Plotlands is a British period drama series was written and created by Jeremy Brock and that aired on BBC1 from 18 May to 22 June 1997. Produced by Wall to Wall for the BBC, it tells the story of several families who live in the fictional town of Plotlands. The series was filmed on location in and around Ashridge country house in Hertfordshire and Wivenhoe, Essex.

==Cast==
- David Ryall as Harry Crowley
- Philip Whitchurch as Billy Reed
- Richard Lintern as Tom Marsh
- Rebecca Callard as Harriet Marsh
- Amanda Abbington as Maude
- Jade Williams as Joan Marsh
- Saskia Reeves as Chloe Marsh
- Richard Cordery as Charles Foster
- Jamie Glover as Ralph Samson
- Petra Markham as Grace Foster
- Eve Schickle as Beattie Crowley
- Terence Beesley as Jon Marsh
- Richard Amery as Charlie

==Episodes==

| No. | Title | Directed by | Written by | Airdate |
| 1 | "Chloe" | John Strickland | Jeremy Brock | 18 May 1997 |
Chloe Marsh, a Londoner sees an advert for a plot of land for £5 in Langton Fields, she decides to go taking with her her two daughters, to escape from her violent husband. She soon discovers that the land agent, Harry Crowley hasn't told the whole truth, the land is very isolated and the water contaminated. She takes some work picking potatoes, but makes the mistake of eating them raw, she gets dreadful stomach pains, but her daughters find that their new neighbours will help them.

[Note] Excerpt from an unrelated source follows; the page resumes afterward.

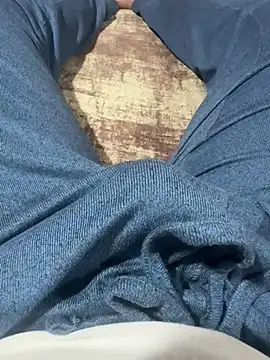 Snapshot of sonug0912 chatting on January 2, 10:55 pm sonug0912 online show from January 2, 10:55 pm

| 2 | "Rory" | John Strickland | Jeremy Brock | 25 May 1997 |
Harry offers Chloe domestic work in his house but then he makes a pass at her which she feels compromises her position there. Rory and his son sign up for barge work at the local docks, with the hope that soon they'll be able to build their dream home. Rory's temper gets the better of him and he loses the job, his wife Grainne is devasted as she saw Langton Field as their last hope.
| 3 | "Tom" | John Strickland | Jeremy Brock | 1 June 1997 |
The residents hear of a criminal on the run who is heading for Langton Field. He turns out to be George, an old Army comrade of Tom's. He turns violent when Tom asks him to leave. Chloe sees this and agrees to help George escape as the police close in. Later, Tom tells Chloe the hold George has over him -the incident that happened during the war. Meanwhile there is a growing sense of community in Langton Field, The Mulligans lay the foundations of their house, and Charles Forster sets up a small school.

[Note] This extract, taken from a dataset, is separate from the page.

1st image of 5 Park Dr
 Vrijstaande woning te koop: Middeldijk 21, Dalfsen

| 4 | "Orphans of the Storm" | John Strickland | Jeremy Brock | 8 June 1997 |
Chloe and Harriet have a row and Chloe ends up telling Tom why she left London. Ralph has made an impression on Maude though she doesn't understand a lot of what he says. A storm brews and in the storm Harriet goes missing but Maude finds her.
| 5 | "The Party" | John Strickland | Jeremy Brock | 15 June 1997 |
Harry decides to throw a party to celebrate the first anniversary of selling a plot of land at Langton Hill. Tom erects a marquee and Harry puts Chloe in charge of the refreshments so that Tom and Chloe are working closely together. It appears that Harry wants to impress two guests- The Spencers- that he has brought along with him, Billy's suspicions about the party are confirmed when he overhears a conversation about the sale of the field. The Spencers' chauffeur takes advantage of Grace and she has an argument with her husband which leaves her devastated.

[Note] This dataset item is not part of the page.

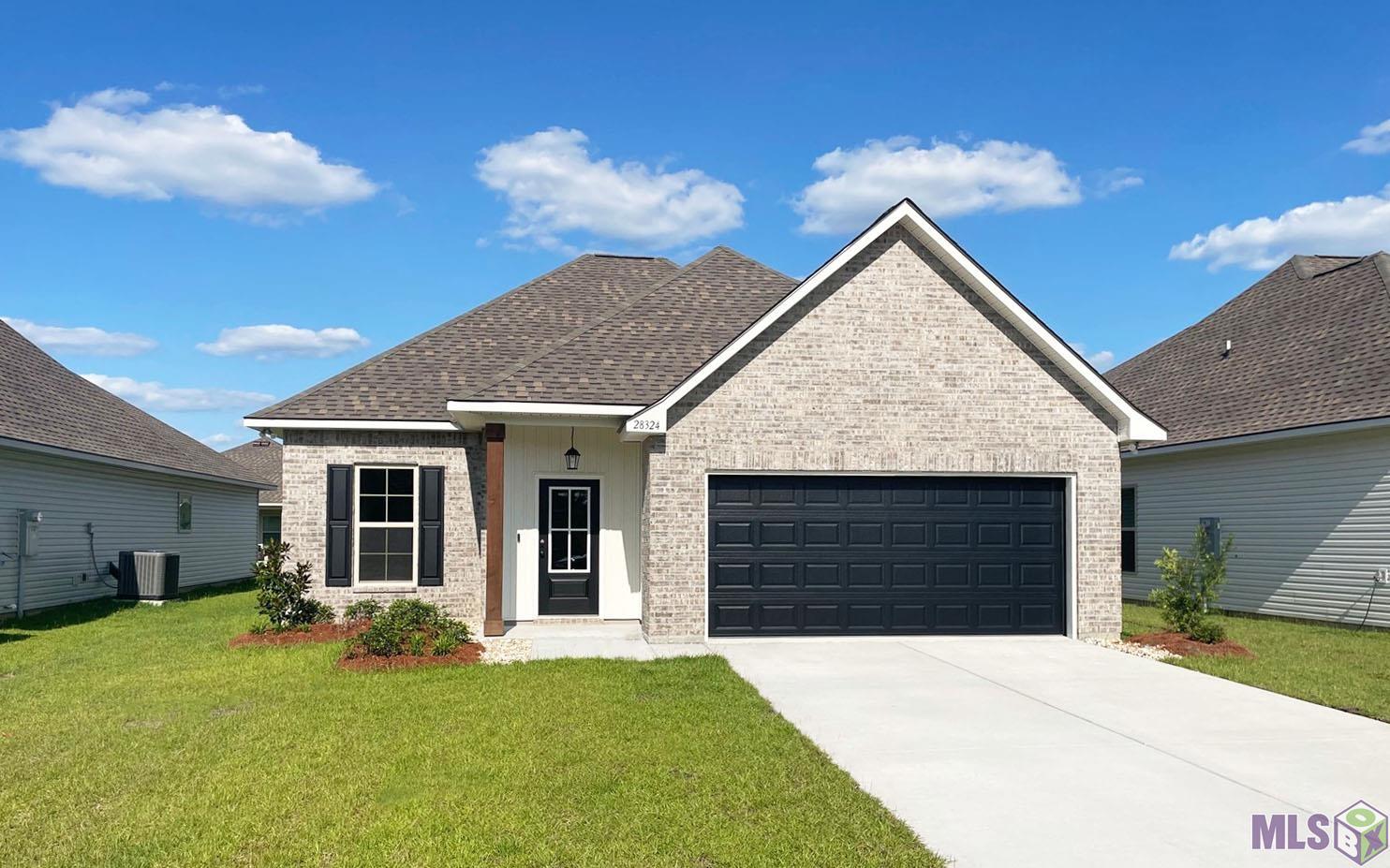 Homes for sale in Denham Springs, LA | 28324 Moreau Dr, Denham Springs, LA 70726 | MLS# BR2025006026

| 6 | "Homes for Heroes" | John Strickland | Jeremy Brock | 22 June 1997 |
Chloe and Tom are in love, but Chloe is horrified when her violent husband John turns up after someone has recognised her and told him of her whereabouts. He decides he is going to stay and settle as a plot lander with his wife and daughters, but he has not changed his ways. However, Chloe and Harriet are not prepared to go back to such a way of living and take drastic action. The plot landers join together to build the Mulligans a new house hoping that it will help change the mind of landlord Harry Crowley, who they learn is thinking of selling up and evicting them all.

==Awards==
Les Lansdown won the Royal Television Society Craft & Design Award for Best Costume Design Drama in 1997.